I can't help but notice that you mention their looks first and their musical ability second.
This is pretty much par for the course in celebrity 'music' culture. It is also why his assessment of American Idol as 'grotesque' was one of the few points that I agreed with.
At least he is honest enough to admit that he is a technophobe right at the beginning of the post.
But it's not really a very coherent rant. Aside from him saying that he doesn't like the internet very much, it's hard to find much of an argument there.
"I don't think you're making your case very strongly. Why does this cheapen the cause? All you've said so far is that it sucks. So basically all we can take from your comments up to now is that you're not interested in defending the fair use of this video because you think it's bad. Or maybe even (though this is a stretch) that you think it isn't fair use because it's bad.
Marcus' point is that you not liking a music video has nothing to do with its fair use merit. So tell us what it is about this that hurts the cause of fair use. Is it that you think others will judge the value of the fair use principle based on how much they like this video, and that they won't like it? Or is there something more?"
Actually, I was more detailed than you are letting on, but what the hell.....
My opinion of this song is not the point. I don't like it, true, but I don't like a lot of things, most of which I never bring up in public.
The point is that IT IS BAD PR.
If you are trying to convince people of the vital importance of fair use, why are you making a mashup of the 25 most popular songs of the past year? It's like a commercial for VH1. Do we really want to defend the vital importance of every persons right to make and broadcast their own VH1 commercials?
And does anyone really think that they are going to convert people who are on the fence about these issues with a video that consists of songs that the media is already saturated with? Why not use some of the thousands of orphan works that James Boyle is always talking about? Why not some of the millions of older recordings that are forgotten but still impossible to do anything with because no one can figure out who owns the rights to them?
But in the end, it comes down to this: if I knew nothing about any of these issues; if I were completely ignorant about the harms caused by ever-expanding copyright law; if I had the exact same ignorant beliefs that Mark Helprin was rightly derided for having; if all this were true, and I saw THAT video, and someone were to say to me: 'See? great entertainment like this would be impossible without fair use', it would not only not make me a believer in fair use, it would do the opposite.
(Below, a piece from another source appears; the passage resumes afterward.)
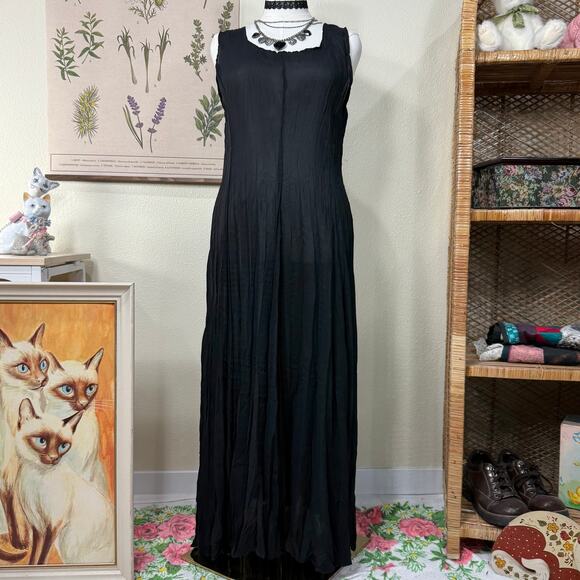 Vintage 90s Floral Layered Maxi Dress Whimsigoth Dark Fairy Romantic Goth M L - Picture 6 of 8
"I hope you two know that as soon as you shift the debate to being about what YOU like and what YOU think is worthwhile culture, based on your subjective tastes, you pretty much remove your opinions from consideration.
Nobody cares if YOU think this is valuable. Go start the Ministry of Culture if that's how you think society should work. This is about the laws that dictate whether artists can create what THEY think is valuable in a free society.
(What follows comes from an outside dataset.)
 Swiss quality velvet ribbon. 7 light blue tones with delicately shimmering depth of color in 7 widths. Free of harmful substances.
Enjoy being crotchety old men bitching about young people music. You are officially obsolete."
Wow.
Either I am mistaken, or you are lumping me in with TAM on the basis of my expressing an opinion about a single video.
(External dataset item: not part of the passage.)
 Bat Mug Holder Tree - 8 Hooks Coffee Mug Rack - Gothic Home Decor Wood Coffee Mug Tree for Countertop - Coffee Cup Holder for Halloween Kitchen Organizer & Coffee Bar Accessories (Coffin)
Seems a trifle intolerant. It's not like I am against what it is. I don't care if people want to make such music, or if they want to buy it, or burn it. I am saying that I, personally, would have trouble taking a bullet over someone's right to make this kind of video. It seems an empty, in-your-face gesture that cheapens the cause, the vitally important cause, of fair use.
Obviously, you disagree.
But it's pretty arrogant to presume to you know who is or is not obsolete on the basis of an opinion about a single video. I may 'bitch about young people music', but that hasn't kept thousands of young people from downloading literally millions of copies of my drum loops at this point. They get used in mashups of every description, every day.
And for the record, I also bitch about 'old people music'.
Wait a minute, mashups like that are supposed to be examples of what is good about fair use?
Some of DJ Shadow's work is admittedly pretty impressive, and the Grey Album was at least kind of cute.
The video above was neither.
I remember when the 2LiveCrew controversy took place, a number of hardcore anti-censorship advocates lost their enthusiasm when they found out that the free expression they were defending consisted of a guy telling some hypothetical girl to 'stick it in her mouth'. It's not that any of them actually thought songs like 'Me so Horny' deserved to be censored. It's just that they couldn't get excited about volunteering their time to advocate on it's creator's behalf.
That video made me feel the same way about fair use.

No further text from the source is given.